The gradient synchronization utility is another practical piece of the workflow. It is available through Create → Chroma → Gradient Synchronizer, and it lets one gradient be edited in a single place before being applied across multiple materials. That is especially useful when a project depends on a shared look and several materials need to stay visually aligned.

This kind of workflow keeps recurring color changes manageable. Instead of reopening each material and adjusting the same gradient over and over, the shared control point stays in one place. That is a clear fit for production work where the same visual language has to stay consistent across several shaders or materials.

Fit it into the render pipeline and shader style already in use

Chroma works with any render pipeline, including the Built-in RP, URP, and HDRP. It also supports both Shader Graph and code shaders written in Cg or HLSL. That combination gives it a broad place in Unity shader work, whether the project uses graph-based authoring or hand-written shader code.

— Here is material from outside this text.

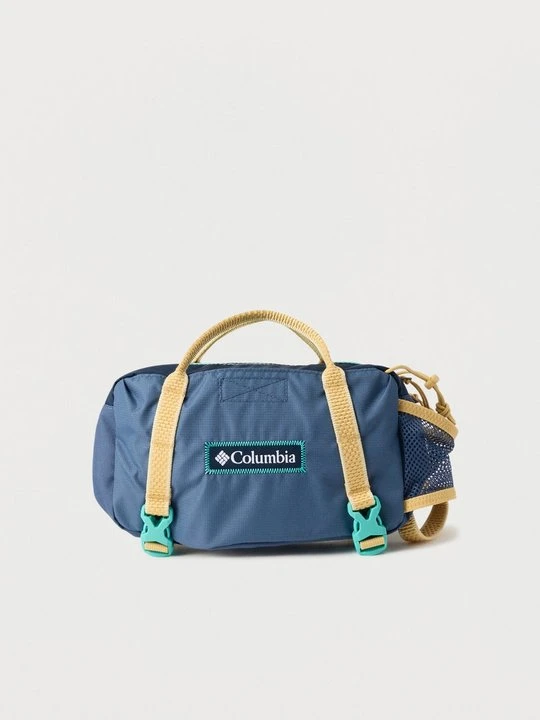 Zdjęcie produktu Saszetka nerka Columbia granatowy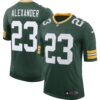 Jaire Alexander Green Bay Packers Nike Limited Jersey – Green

The integration is described as effortless and not disruptive to an existing workflow. That is important because shader tools can become difficult to adopt when they require a complete change in how materials are authored. Chroma keeps the decision local: the shaders that need its inspector structure or parameter controls can use it, while the rest of the setup can stay as it is.

For projects that need cleaner shader presentation, gradient-driven controls, and a way to organize material inputs without adding friction, Chroma provides a practical path. It focuses on the parts of shader editing that are usually handled by manual discipline, then turns them into reusable controls inside the shader workflow itself.